Any American financiers know of the validity of this?

Anonymous said...

The banks are refusing to lend to NR (or indeed any other bank) because LIBOR loans are effectively unsecured. The loan by the BoE will be more effectively secured by Northern Rock handing over collateral on Northern Rock's prime mortgages.

Furthermore, existing LIBOR rates are meaningless because Banks are often refusing to trade their liquidity AT ANY PRICE. This is an indication of just how severe the credit crunch is right now.

Anonymous said...

"The thousands of mortgage defaults and foreclosures in the "subprime" housing market (i.e., mortgage holders with poor credit ratings) is the direct result of ... the 1977 Community Reinvestment Act (CRA)"

No, this has nothing to do with it. Mortgages from that long ago would be either paid off or at least the income of the debtors would likely have increased sufficiently to ensure they could comfortably afford the housing. The sub-prime effect is recent and was caused by the change in the way mortgages work. Instead of mortgage raising money from high street deposits to fund mortgages, they now bundle up their mortgages and sell off the debt on international markets. Due to an excess of money in these international money markets the mortgage lenders have found it easy to get their hands on the necessary finance and have fallen over themselves to find somebody, anybody, that will take that mortgage finance. Since the mortgage lenders are not holding on to the mortgage debt but are selling it on to third parties, they really haven't cared about the risks of lending to dodgy clients - they have simply passed the risk on to someone else. The third parties that bought the debt thought they were OK because the riskier debts were mixed in with prime mortgages and therefore were highly rated by debt ratings agencies.
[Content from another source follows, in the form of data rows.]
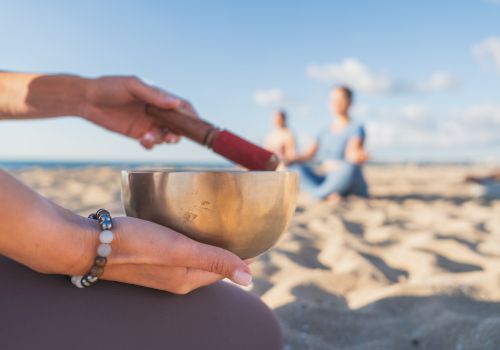 A hand holds a metal singing bowl on a sunny beach while another hand gestures, with a couple walking in the background.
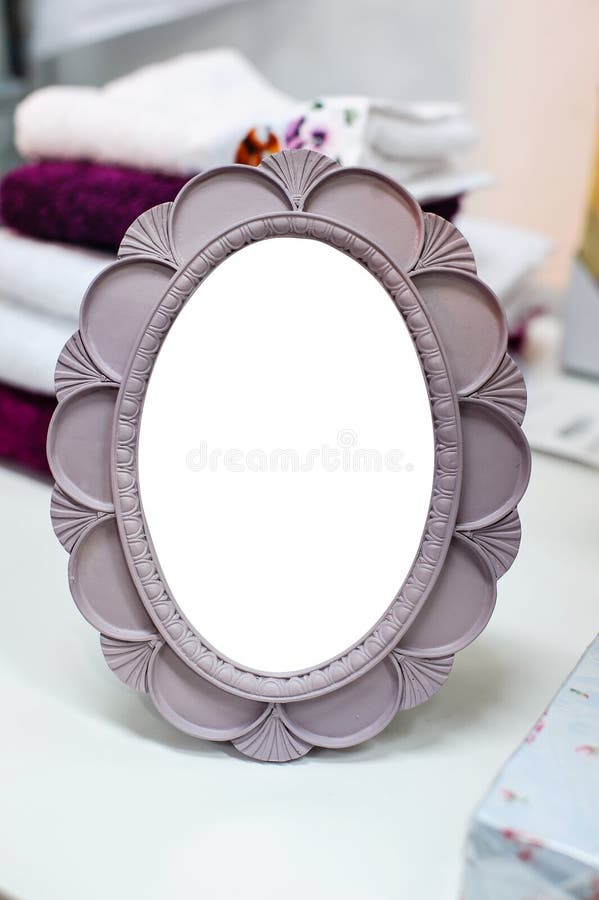 Small round mirror in a frame is on the table. Bathtub stand stock images, royalty-free photos and pictures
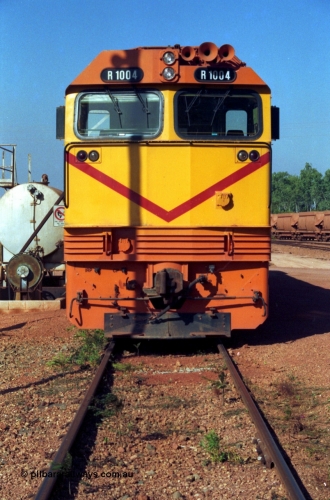213-23
Weipa, Lorim Point fuel point, Comalco R 1004 loco Clyde Engineering built EMD model JT42C built 1990 serial 90-1277, weight 132 tonne, engine 12-710G3A, generator AR11-WBA-CA5, traction motors D87ETR, rated power 2460 kW/3300 hp. The body is similar to a V/Line N class while the components are the same as the Australian National AN class. Originally built for Goldsworthy Mining as GML 10 for use at their Western Australian iron ore railway and locally known as Cinderella. Purchased by Comalco in 1994 following the takeover of Goldsworthy by BHP.
Keywords: R1004;Clyde-Engineering-Kelso-NSW;EMD;JT26C;90-1277;Comalco;GML10;Cinderella;GML-class;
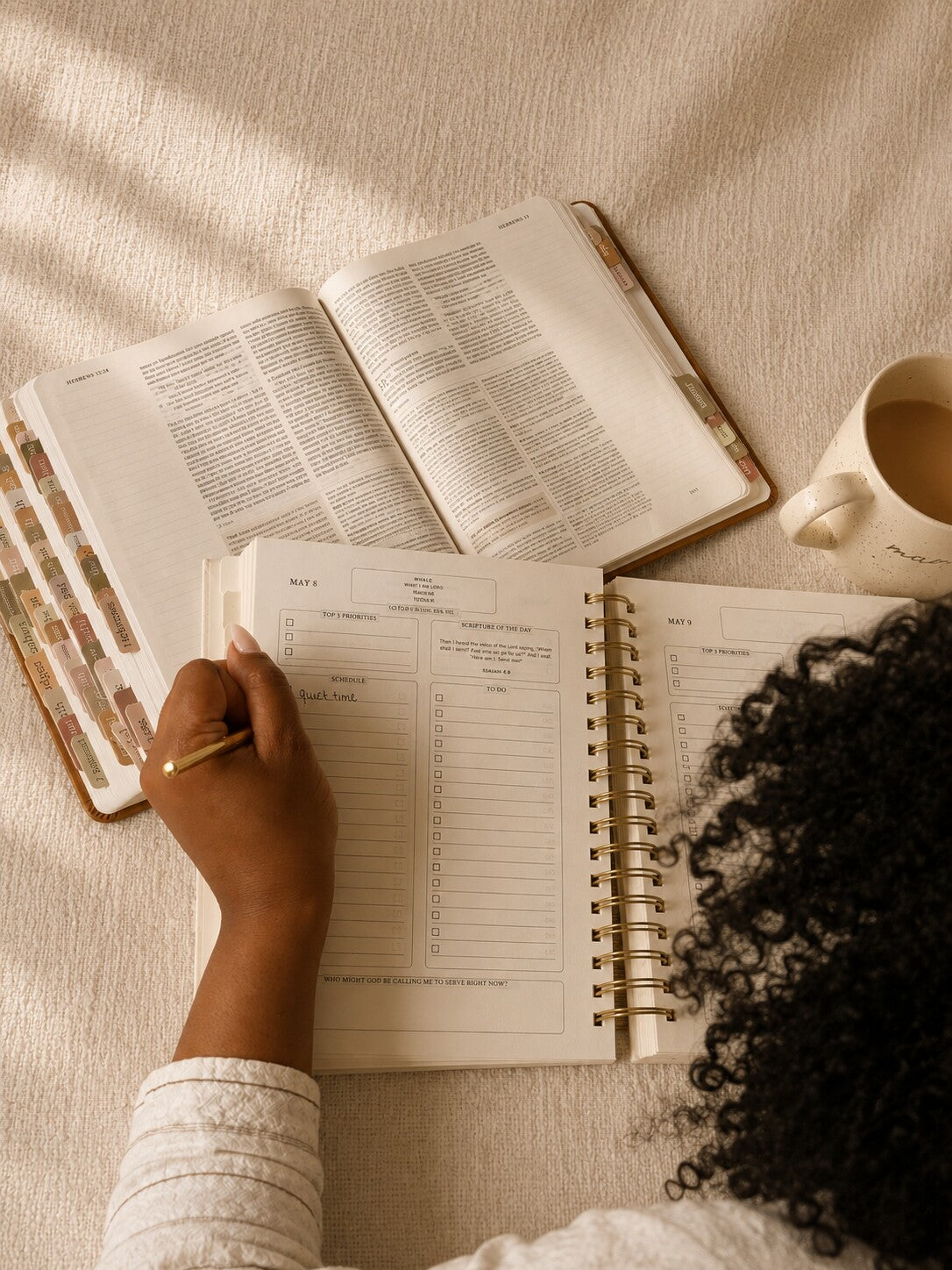 Hands writing in The Anchored Planner beside an open Bible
It should be noted that this sub-prime mortgage issue is really a cover for what has actually happened in the US economy. House prices are plummeting in the US due to Americans losing their jobs. This is despite the fact that the American economy is actually growing. It is growing because all the US jobs have been shipped to China. Thus despite apparent growth the globalisation process has finally started hitting the US job market and people in all sectors of the economy are losing their jobs and their homes - it isn't simply subprime that is failing. There is now a serious glut of properties on the market at all levels. The economy has hit the end-stops after years of debt fuelled growth, and the selling out of American workers. The same will happen here - but it will be much worse as the debt as a proportion of GDP is much higher.

Anonymous said...

Anonymous 9:24 AM wrote

... the 1977 Community Reinvestment Act (CRA)" ... has nothing to do with it. Mortgages from that long ago would be either paid off or at least the income of the debtors would likely have increased sufficiently to ensure they could comfortably afford the housing.


Thomas DiLorenzo wrote
"... the direct result of thirty years of government policy that has forced banks to make bad loans to un-creditworthy borrowers. The policy in question is the 1977 Community Reinvestment Act (CRA), which compels banks ..." 1977+30=2007, so he implies this is going on now. Do you have evidence to the contrary?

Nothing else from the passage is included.